In the Montana case of Johnson v. Columbia Falls Aluminum Company, LLC, 2009 Mont. Lexis 120 (Mont., Mar. 31, 2009), the plaintiff began using medical marijuana under the supervision of a physician a year and a half before his termination. The plaintiff used his own funds to purchase medical marijuana and limited his treatment to after-work hours. When the plaintiff tested positive for marijuana, his employer, Columbia Falls Aluminum Company, LLC ("CFAC") suspended him. Shortly thereafter, CFAC gave the plaintiff a "last chance" agreement outlining the conditions upon which he could return to work including, in particular, that he test non-positive for marijuana. The plaintiff did not sign this agreement, and subsequently, CFAC terminated him. In his lawsuit, the plaintiff claimed that CFAC violated the Montana Human Rights Act ("MHRA") and the ADA when it failed to accommodate his medical marijuana use by waiving terms of its drug testing policy.

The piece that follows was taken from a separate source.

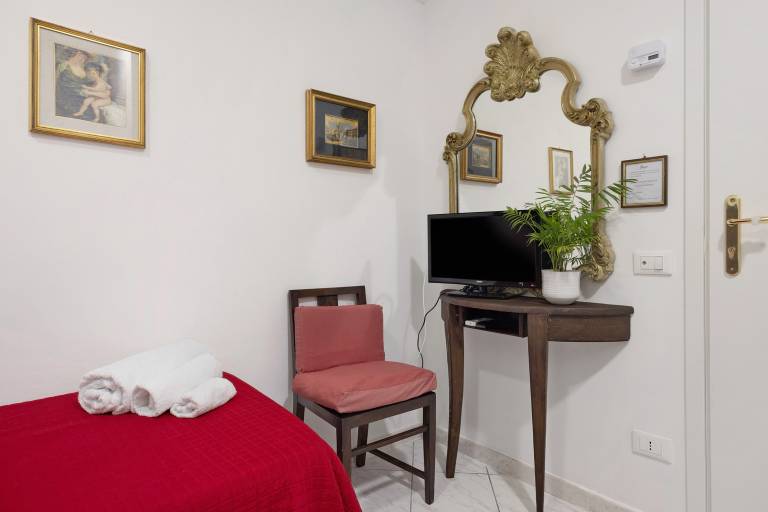 Dedicated room with fast internet | Next to Palermo Cathedral | City view | Pets allowed — photo 2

In rejecting this argument, the Montana Supreme Court held that Montana's Medical Marijuana Act ("MMA") clearly provides that an employer is not required to accommodate an employee's use of medical marijuana. MCA § 50-46-205(2)(b). The MMA is a decriminalization statute that protects qualifying patients, caregivers and physicians from criminal and civil penalties for using, assisting the use of, or recommending the use of medical marijuana. The MMA specifically provides that it cannot be construed to require employers to accommodate the medical use of marijuana in a workplace. Thus, the court concluded that failure to accommodate use of medical marijuana does not violate the MHRA or the ADA, because an employer is not required to accommodate an employee's use of marijuana.
Similarly, Colorado's Medical Marijuana Amendment does not require an employer to accommodate the medical use of marijuana in any workplace. However, an employee could claim that they only use medical marijuana at home, when they are not working. Thus, if the employer disciplines the employee for marijuana use, the employee could claim that the employer is violating Colorado's Lawful Off Duty Activities Statute, which was not at issue in either Ross or Johnson. To minimize their risk of being caught up in this conundrum, Colorado employers should ensure that their drug-free workplace policies conform to the exceptions under Colorado's Lawful Off-Duty Activities Statute (discussed above). Significantly, the ADA does not require an employer to accommodate the illegal use of drugs or alcohol. An employer can prohibit employees from being intoxicated by illegal drugs, alcohol, and even prescription drugs in the workplace.
Its also possible that an employer could avoid this conundrum altogether by indicating in their drug-free workplace policy that all drugs that are illegal under federal and state law are prohibited. As previously discussed, under federal law, marijuana use and possession thereof, is illegal and cannot be legalized by state statute.